Google Library--Scanning Back the Index

by: Susan Esparza, October 2005

At first, it sounded like a wonderful idea. Google was going to take the libraries of five major universities and scan them, making them fully indexable and searchable. The project would allow anyone to find a book on the topic they were looking for, narrow down a quotation to the exact title and author where it originated and overall increase Google's goal of organizing the world's information. Works in the public domain would be available in their entirety while copyrighted works would show only a sentence or two of context as well as the title page. Additionally, copyrighted works would have links to booksellers where the title could be purchased. The idea seemed bullet proof and students everywhere rejoiced.

Unfortunately the publishers disagreed. Unlike Project Gutenberg which has over 16,000 public domain works available on the web, the publisher's feel threatened Google's venture into copyrighted content, claiming that the scanning is infringement. In response to the outcry, Google put the scanning of the copyrighted materials on hold and offered the publishers the chance to opt out of having their works scanned. Google makes the assertion that the scanning is fair use because they will display only a snippet of the copyrighted material. Publishers, including the more than 300 members of the Association of American Publishers (AAP), disagree and are suing Google to prevent the search company from continuing.

While publishers yell and scream about Google, the Open Content Alliance has been garnering much better publicity. Initially launched by a consortium of companies including Yahoo and recently joined by MSN, the OCA is also scanning public domain and Creative Commons licensed work but they're handling copyrighted works with a difference.
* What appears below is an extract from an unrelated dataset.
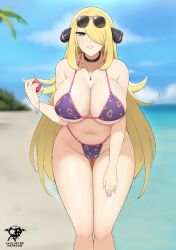  ass_visible_through_thighs beach bikini black_choker blonde_hair blurry blurry_background bracelet breasts choker cynthia_(pokemon) eyewear_on_head female hair_ornament hair_over_one_eye hand_on_own_thigh highres holding holding_poke_ball huge_breasts jewelry kaos_art long_hair looking_at_viewer navel necklace outdoors poke_ball pokemon pokemon_dppt solo sunglasses swimsuit 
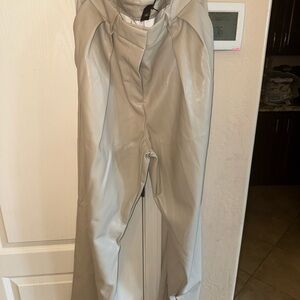 Stylish Gray Faux Leather Pants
The OCA only scans books that have been opted into the program, saving them from the legal battles currently plaguing Google. Though the publishers are outraged, it's really not that hard to understand why a search engine would believe that it is entirely acceptable to require the copyright holder to opt out. After all, they do it every day. Google, Yahoo, MSN, in fact, all the search engines hold the view that unless you tell them they can't have your copyrighted work, they will happily index it and even cache it, making it available whether you will them to or not. That's the entire purpose of the robots.txt, which itself is often ignored by the search engine spiders. This overall approach makes Google's attitude quite understandable.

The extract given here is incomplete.